CREDENCIAIS DO AUTOR: 
Marcelo Siqueira é professor da Universidade Estadual Paulista (UNESP). Doutorou-se em sociologia na Universidade de São Paulo (USP), onde se formou em Ciências Sociais e em Direito. Coordenou, de 1989 a 1993, o grupo de trabalho  “Partidos e Movimentos de Esquerda” da Associação Nacional de Pós-graduação e Pesquisa em Ciências Sociais. Publicou os livros Política para quê? Atuação partidária no Brasil contemporâneo (Atual,1992), e O fantasma da revolução brasileira (Ed. UNESP/FAPESP,1993), além de artigos em periódicos acadêmicos, tais como Ciências Sociais Hoje, da ANPOCS; Tempo Social, revista de Sociologia da USP; Perspectivas, revista de Ciências Sociais da UNESP, dentre outros. 
     
RESUMO: 
O presente livro de Marcelo Siqueira Ridenti, retrata didaticamente diante de suas atribuições numa corrente teórica as classes sociais e de sua representação. Observando de fato como elas se representam social politicamente, buscando entender a sua identidade. Mediante todo sofrimento desses indivíduos observa-se como está a formação e produção de valores em uma sociedade massacrada pelo sistema perverso. 

PARECER CRÍTICO DA OBRA: 

É um livro que devemos ler em diversos momentos de nossa prática educativa. Mediante o disposto apresentado é de grande relevância, sendo que aborda com prioridade que as classes sociais, nos dias atuais estão bastante atuantes e liberadas, estando de fato em constante relação e em construção. É bom ressaltar que elas não foram inseridos no meio como estrutura econômica do referido sistema, é constituída através das lutas de classes, tendo como foco as condições objetivas do trabalho capitalista. 
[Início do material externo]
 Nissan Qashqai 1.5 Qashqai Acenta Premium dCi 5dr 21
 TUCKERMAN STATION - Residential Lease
Estas conquistas não foram oferecidas pela estrutura, foi conquistada e ao mesmo tempo dividida  e por que não ressaltar fracionada. È que a concorrência no mercado  leva o fracionamento, proporcionado um grupo de classes mais frágil, isso pode ocorrer o enfraquecimento e chegando a prejudicar a identidade de lutas e movimentos sociais. 
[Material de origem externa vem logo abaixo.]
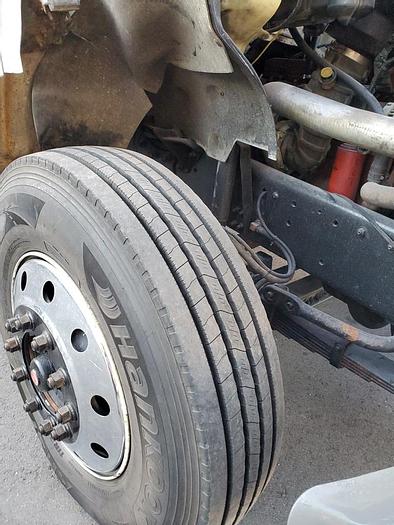 Used 2001 Ford F750 Terex BT3400 Crane Truck - M74771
É impressionante como o Sistema Capitalista consegue se metamorfosear de maneira tão sórdida e mesquinha deixando seu rastro de sangue, afastando as pessoas, destruindo laços de solidariedade e fraternidade, e que a cada dia vem tirando das pessoas o sentido de viver em sociedade. Porém os Movimentos Sociais vem perdendo força com o passar do tempo, o egoísmo, o consumismo desenfreado, a concorrência, a alienação imposta pelo mercado vem impedindo que as pessoas se unam para lutar e reivindicar o bem em comum. 
A obra é de grande importância para a vida acadêmica e profissional tendo em vista dos argumentos mencionados, o profissional da área de serviço social proporcionará metas e criar objetivos para mudar o senário social. Por todo esse processo transformativo e didático é de grande utilidade para aprimorar no dia a dia como profissional da área de Serviço Social. 



GUERRA, Yolanda. instrumentalidade do serviço social/ Yolanda Guerra.  - 2.ed. Revista - São Paulo : Cortez, 1999. 
RESUMO 
A obra da autora Yolanda Guerra, acompanhada por diversos outros autores, como Kant, Marx, Oliveira, Lukács, e outros. A obra é de grande importância para os leitores, acadêmicos e profissionais do Serviço Social, levando nos lembrar a instrumentalidade na contemporaneidade como mero instrumento para ser aplicado dentro do âmbito profissional, dividida em duas partes com títulos e subtítulos, na primeira parte relata sobre a Razão e Modernidade, já a  segunda parte é colocada a  Racionalidade do Capitalismo e Serviço Social. Na primeira parte a autora fala, a história da razão moderna na concepção de homem enquanto ser social auto criador portador de racionalidade e teleologia. Na segunda a autora deixa claro que o homem constitui-se num ser prático – social que se realiza pelo trabalho.